Nothing but the lines from the start of the data through the line with "Amelanchier canadensis Rainbow" should appear in the answer, each retyped exactly, and pictures should not.

_ _ _ _ _ _ _

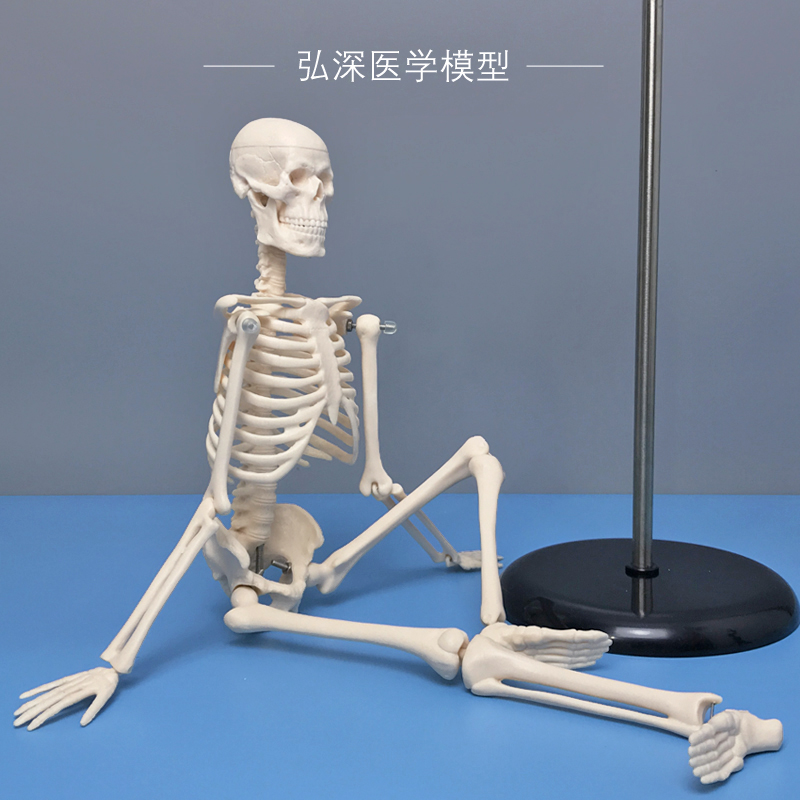 45cm人体全身骨骼模型迷你小型骨架子解剖结构脊柱骷髅头教学模具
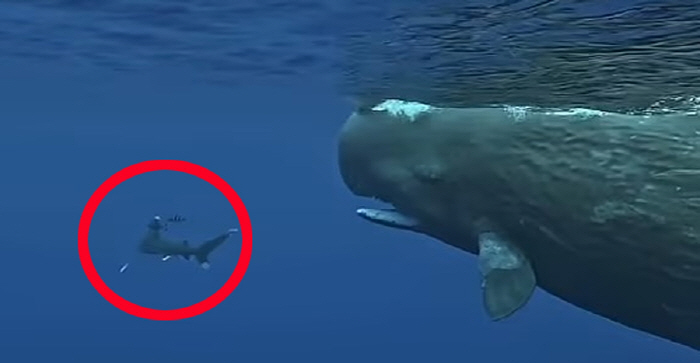 A pair of sperm whales kick out sharks that were attacking divers...Escort like a bodyguard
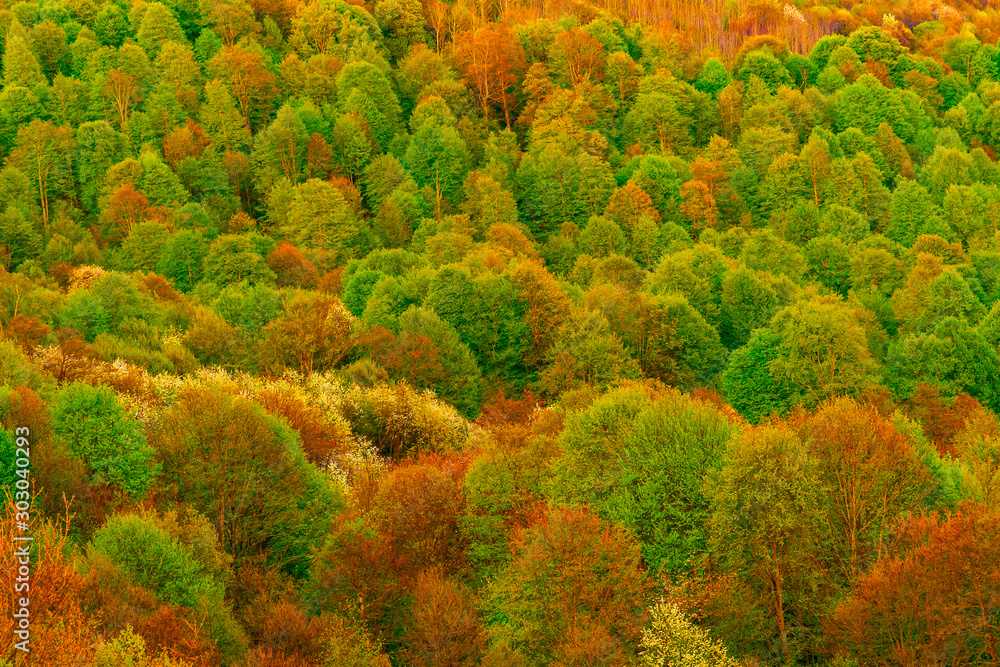 The mountains tree in autumn. colorful trees closeup background. The mountains tree in autumn. colorful trees closeup background.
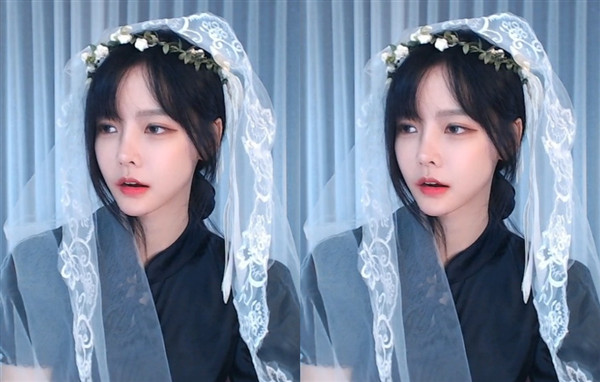 在线观看榴莲视频mv的免费网站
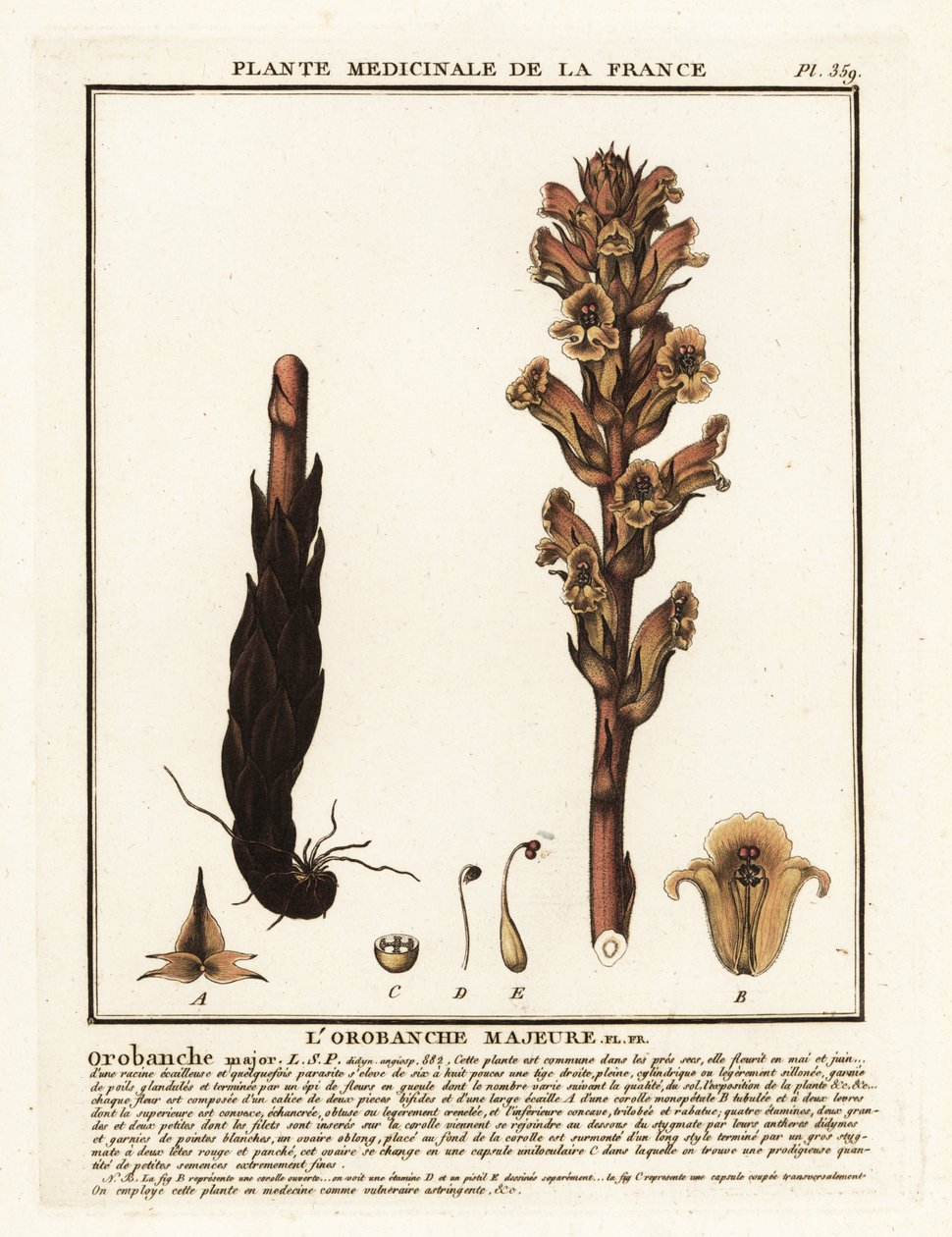 Bedstraw broomrape; Orobanche caryophyllacea. tekijältä Unbekannter Künstler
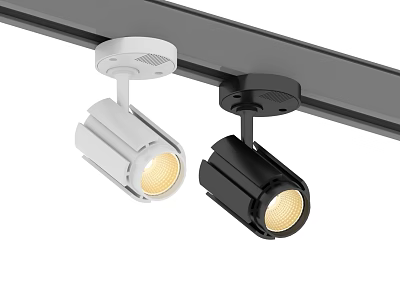 Black and White Track Mounted Downlights and Spotlights with Modern Design LED Warm Light 3d model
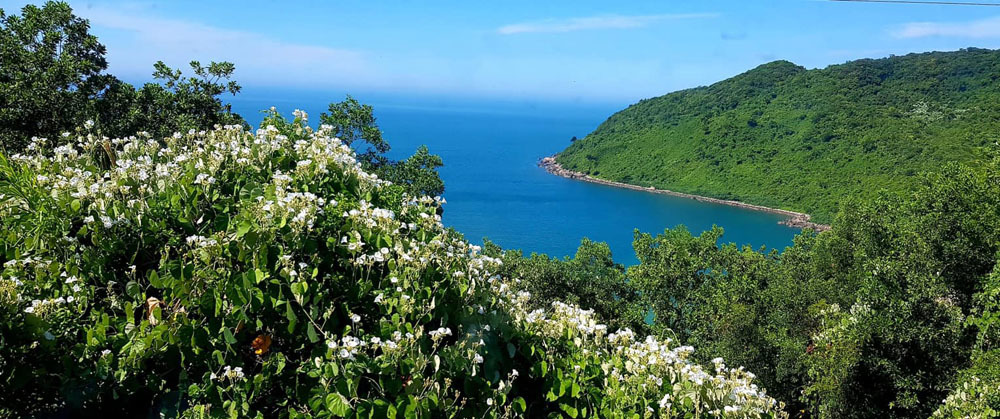 Chưa hết tuần trăng mật, tôi đã muốn ly hôn-1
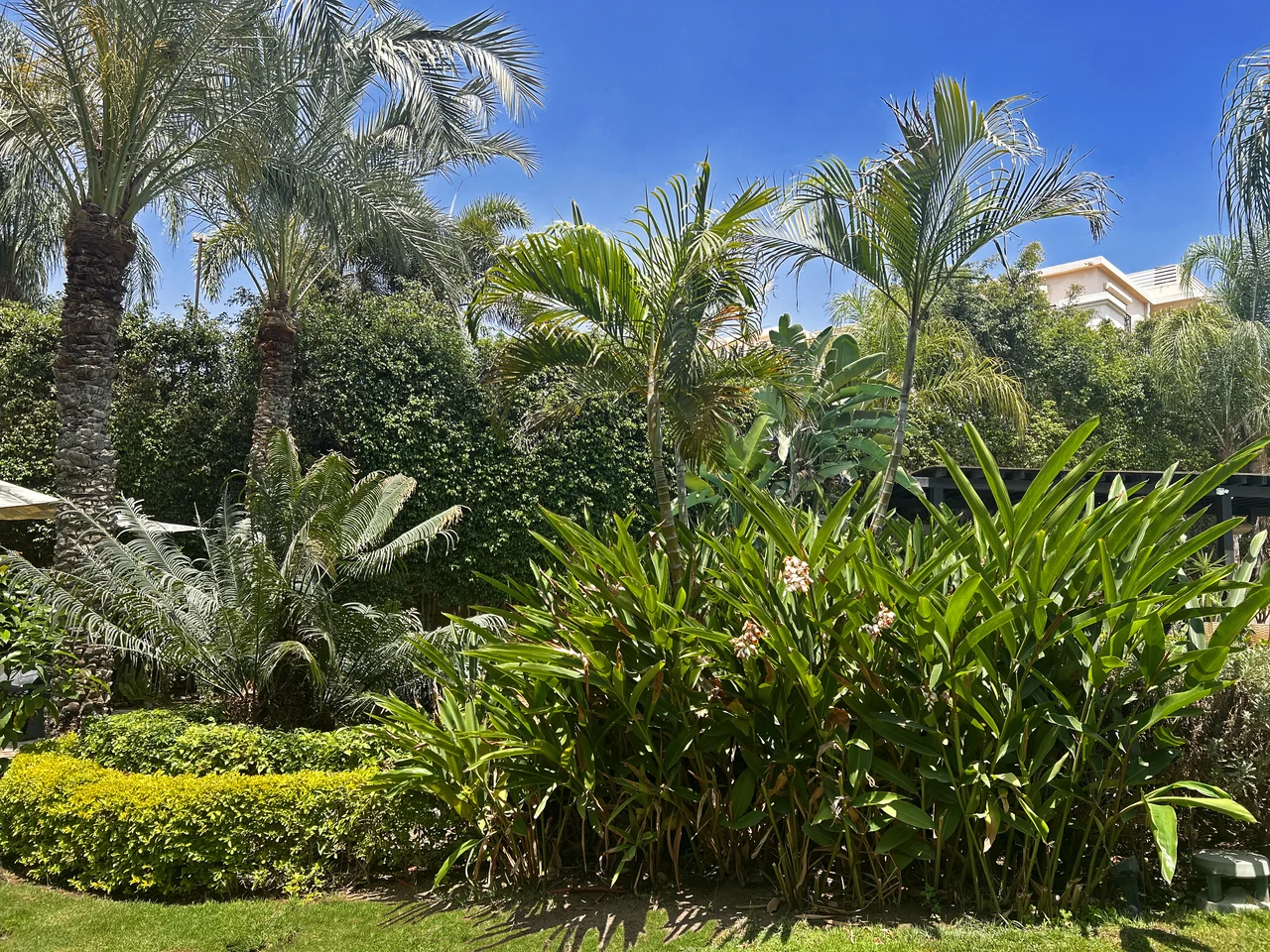 Mena Garden City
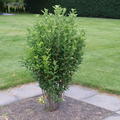 Amelanchier canadensis Rainbow Pillar Felsenbirne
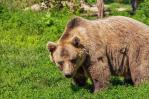 Un oso ataca a una niña y a un hombre en el área urbana de un pueblo de Rumanía Un oso ataca a una niña y a un hombre en el área urbana de un pueblo de Rumanía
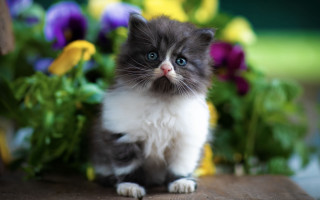 Kitten flowers blue eye blurry 2 - felix octavius carr darley free wallpaper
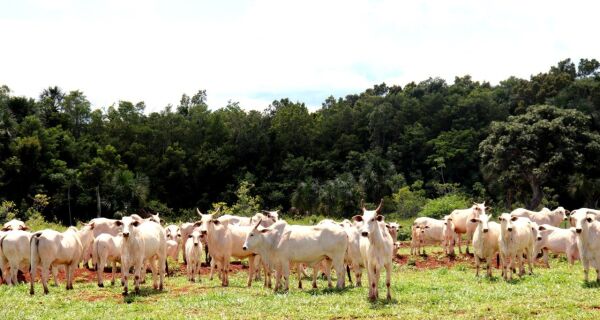 Abate de bovinos atinge recorde na série histórica e cresce 17,5%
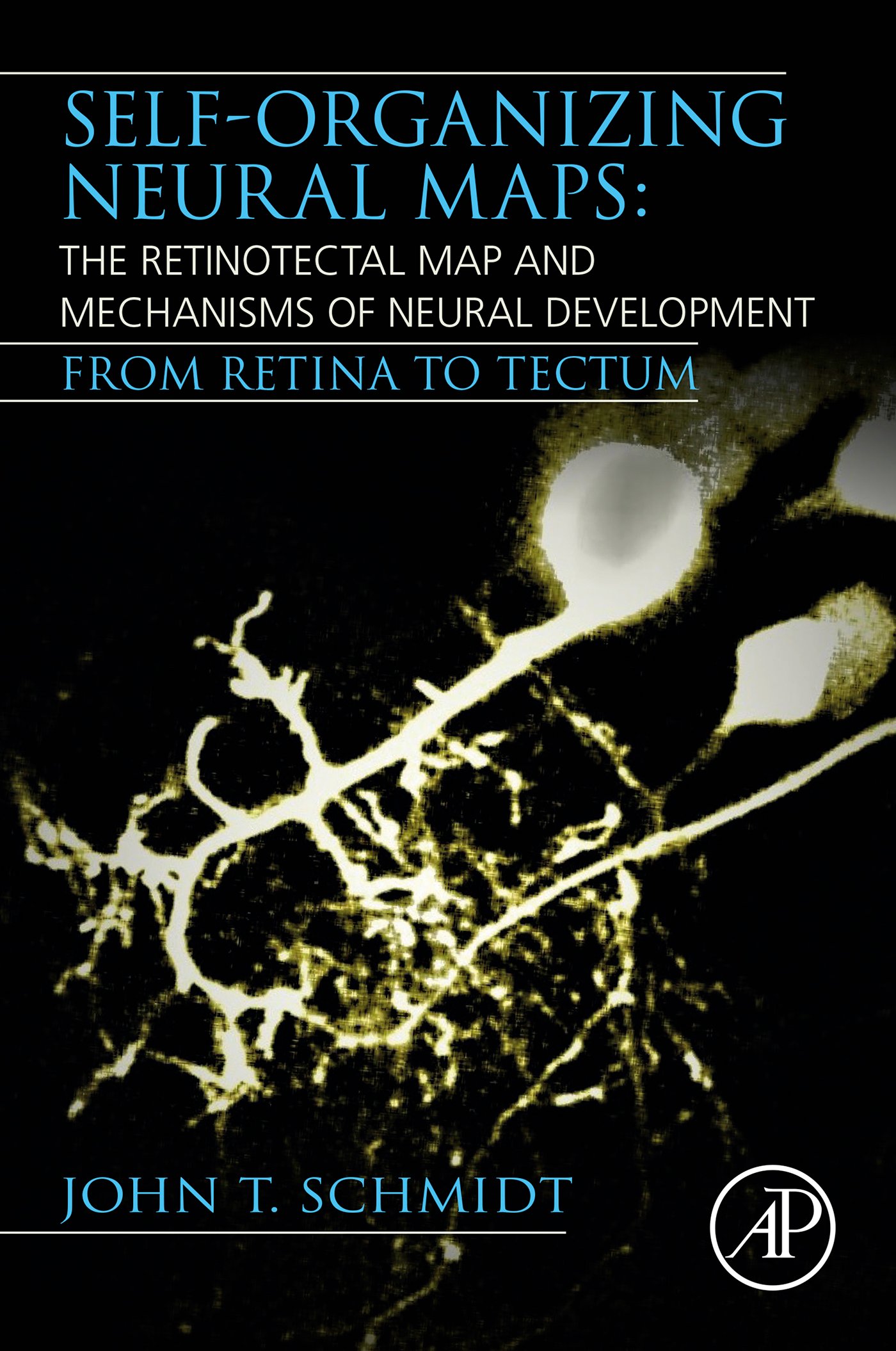 Self-organizing Neural Maps: The Retinotectal Map and Mechanisms of Neural Development: From Retina to Tectum (EPUB)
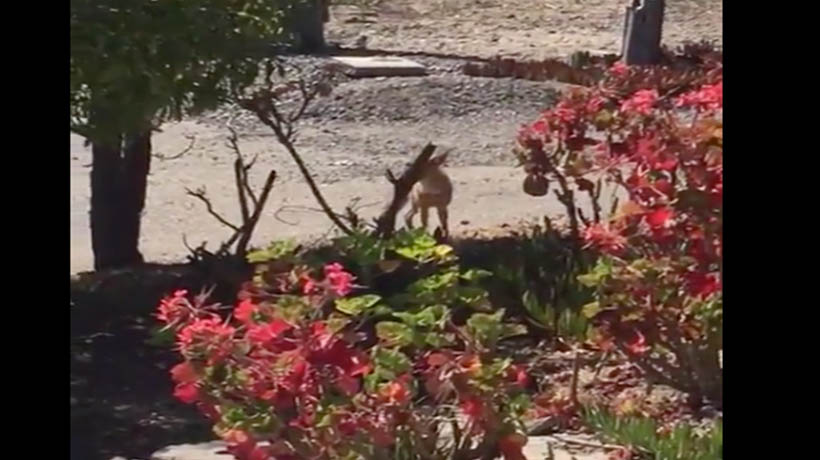 [VIDEO] Zorro Chilla es registrado en condominio Bahía de Rosas de Algarrobo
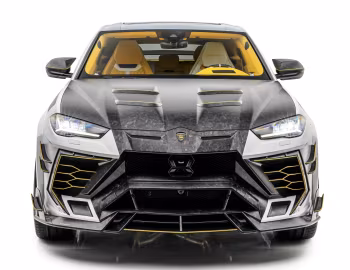 Mansory Venatus Evo S '2023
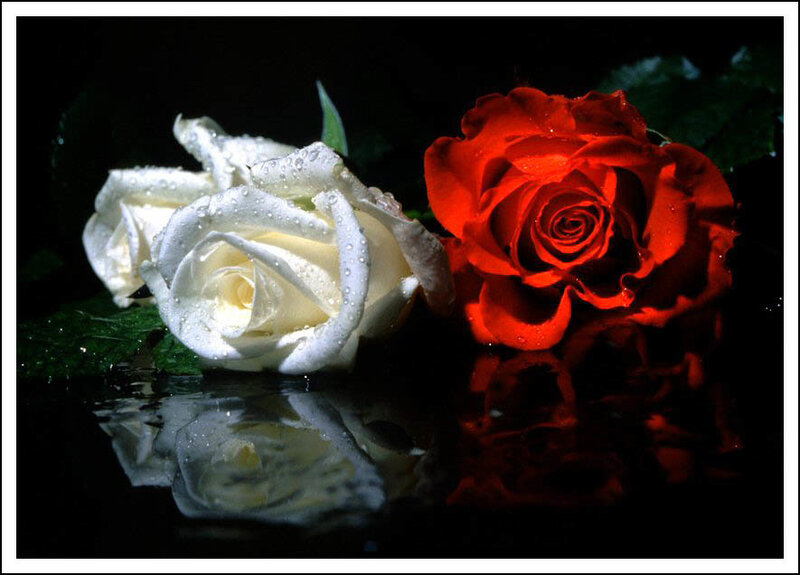 White and Red Roses — Dramatic, Photograph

_ _ _ _ _ _ _

§ Answer to this exercise:
 45cm人体全身骨骼模型迷你小型骨架子解剖结构脊柱骷髅头教学模具
 A pair of sperm whales kick out sharks that were attacking divers...Escort like a bodyguard
 The mountains tree in autumn. colorful trees closeup background. The mountains tree in autumn. colorful trees closeup background.
 在线观看榴莲视频mv的免费网站
 Bedstraw broomrape; Orobanche caryophyllacea. tekijältä Unbekannter Künstler
 Black and White Track Mounted Downlights and Spotlights with Modern Design LED Warm Light 3d model
 Chưa hết tuần trăng mật, tôi đã muốn ly hôn-1
 Mena Garden City
 Amelanchier canadensis Rainbow Pillar Felsenbirne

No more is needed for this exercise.